These ‘legal highs’ are sold to young people as alternatives “hard drugs”, often via the internet, and are especially popular in Ireland, Latvia, Poland and the UK. Sadly, they can lead to addiction, serious illness, and in the most tragic cases, death.

"Two of the main obstacles to a coherent and effective response across the EU are a lack of reliable data, and widely varying public and political attitudes in different countries. In addition, the EU has little legal influence over health policy, which is decided by individual Member States. The Commission’s proposal is under-resourced and unrealistic compared to what’s needed", said David Sears, rapporteur of the EESC opinion "New psychoactive substances".

New strategies

Drug control is always a highly controversial issue, with attitudes towards best policy developing all the time.

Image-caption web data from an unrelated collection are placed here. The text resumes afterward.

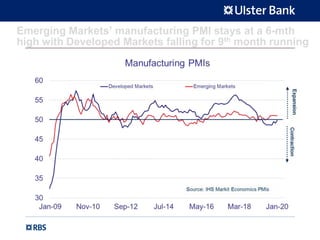 Emerging Markets’ manufacturing PMI stays at a 6-mth
high with Developed Markets falling for 9th month running
 
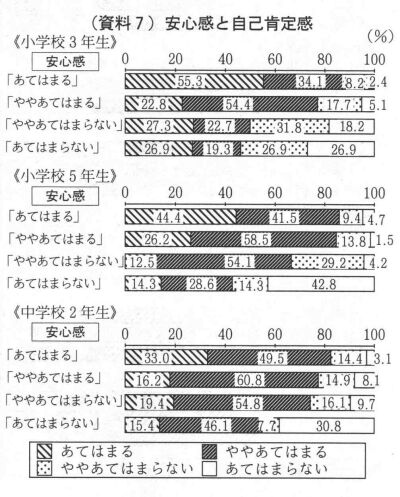 (7)SƎȍm芴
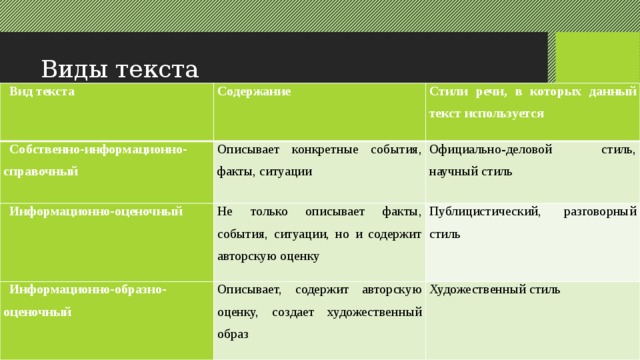 Виды текста Вид текста Содержание Собственно-информационно-справочный Стили речи, в которых данный текст используется Описывает конкретные события, факты, ситуации Информационно-оценочный Не только описывает факты, события, ситуации, но и содержит авторскую оценку Официально-деловой стиль, научный стиль Информационно-образно-оценочный Публицистический, разговорный стиль Описывает, содержит авторскую оценку, создает художественный образ Художественный стиль 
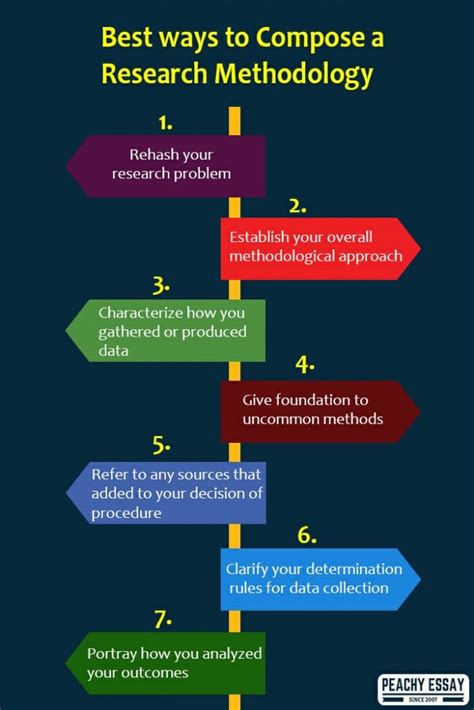 how to start a methodology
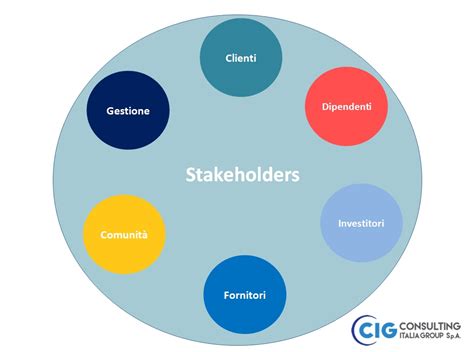 stakeholders significato.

Some governments are tending towards a more liberal approach. “They are considering other strategies, recognising that simply banning things doesn’t work,” says Mr Sears.

Regulating supply is therefore only part of the answer. A better understanding of demand is equally important, and that means working with experts to collect more accurate information on all aspects of NPS use.

“We have got to treat the use of NPS as a social and health problem, not a criminal activity. The last thing we want to do is send more young people to prison, where they learn even worse habits,” argues Mr Sears. Criminal sanctions should be limited to dealers looking to profit from the sale of illegal or dangerous substances.

Relative risks also need to be recognised. Alcohol, tobacco and caffeine all meet the psychoactive substance criteria, and in excessive doses the first two certainly cause greater social and health damage than most NPS, and yet they are specifically excluded by EU and UN definitions. “Any response should be proportionate and based on data, not just on winning votes among the general public,” Mr Sears insists.


[1] What are psychoactive substances? The term describes anything that interacts with human beings’ central nervous systems to make them either stimulated or depressed, changing their mood or the way they think and behave or sometimes generating hallucinations. Some of them are used legally and constructively, when prescribed and monitored by health professionals. But others may be harmful or dangerous if they are consumed to produce an effect – to ‘get high’ – and especially if they are addictive or illegal, enabling sellers to exploit users and make huge profits.